My grandma is preparing to sell her RV and had my dad and I look over it and we found that all 3 batteries were dead. The starting battery had discharged to 4 volts, and the house batteries were both at 6 volts. Our trickle charger was able to save both the house batteries but would not even acknowledge the existence of the starting battery.

Since I do car audio, I have dual 250-amp 3-phase hairpin alternators from Custom Electric plus dual batteries in the back so I got an idea.

I got my jumper cables and connected my starting battery to the RV's and let my car idle for about 15 minutes, took the jumpers off, and it was now resting at 10 volts although slowly discharging but not nearly as bad as it was before. I quickly grabbed the battery and ran it up into the garage and connected it to the trickle charger which now turned on and began to finish recovering the battery.

If it's stupid but it works... it's stupid... but it works.
 
Good reason to keep a dumb lump buzz box charger around.

Pics of your setup?
 
Originally Posted by eljefino
Good reason to keep a dumb lump buzz box charger around.

Pics of your setup?

The charger we had was a dumb lump buzz box from the 70s, and I have a newer Schumacher one as well.

Also what do you want to see?
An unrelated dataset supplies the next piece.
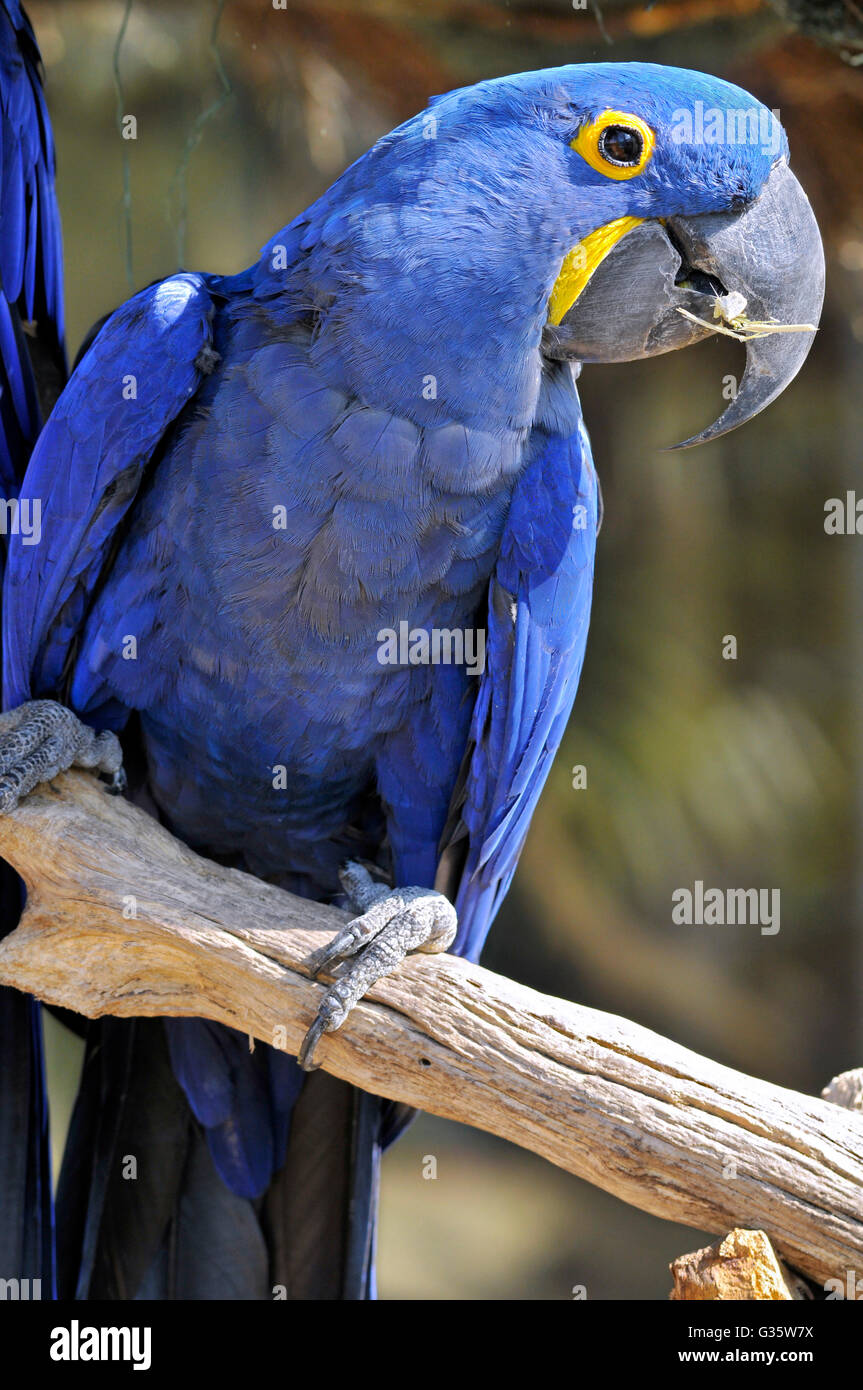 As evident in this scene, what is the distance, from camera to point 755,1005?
305cm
How I accomplished this or how my alternators and batteries are all together?
 
iI think there were some youtube vids about guys recovering old nickel and lead acid batteries from power tools by blasting with high amperage, just tapping it on the terminals. Something about desulfating the plates? Just the thiught scares me, but maybe some people with bigger stones than me can try.
 
That works (sometimes) on ni-cads. Ni-cads get strands between the layers that short out the battery, a blast at high amps burns them out and the battery will work again. I wouldn't try it on a lead acid battery on a bet.
 
Okay here is pictures of my setup.

Here is the alternator, Custom Electric 250-amp hairpin 3-phase
[Linked Image]


Here is my starting battery, I beat out the sides of my battery tray with a hammer and shoved in a Walmart-special 24F in place of the old 51R, with an improvised tie-down until I find something better.
[Linked Image]


The above are both old pictures, I've since attached a run of 1/0 gauge OFC wire from the alternator direct to the battery:
[Linked Image]


Here's in the back of the car, the batteries are behind the speaker box and not visible in the picture.
[Linked Image]


Last but not least, tonight's festivities:
[Linked Image]
 
Originally Posted by cwilliamsws6
If any of you remember my redneck ELD bypass story then you'll probably know the general direction this is headed.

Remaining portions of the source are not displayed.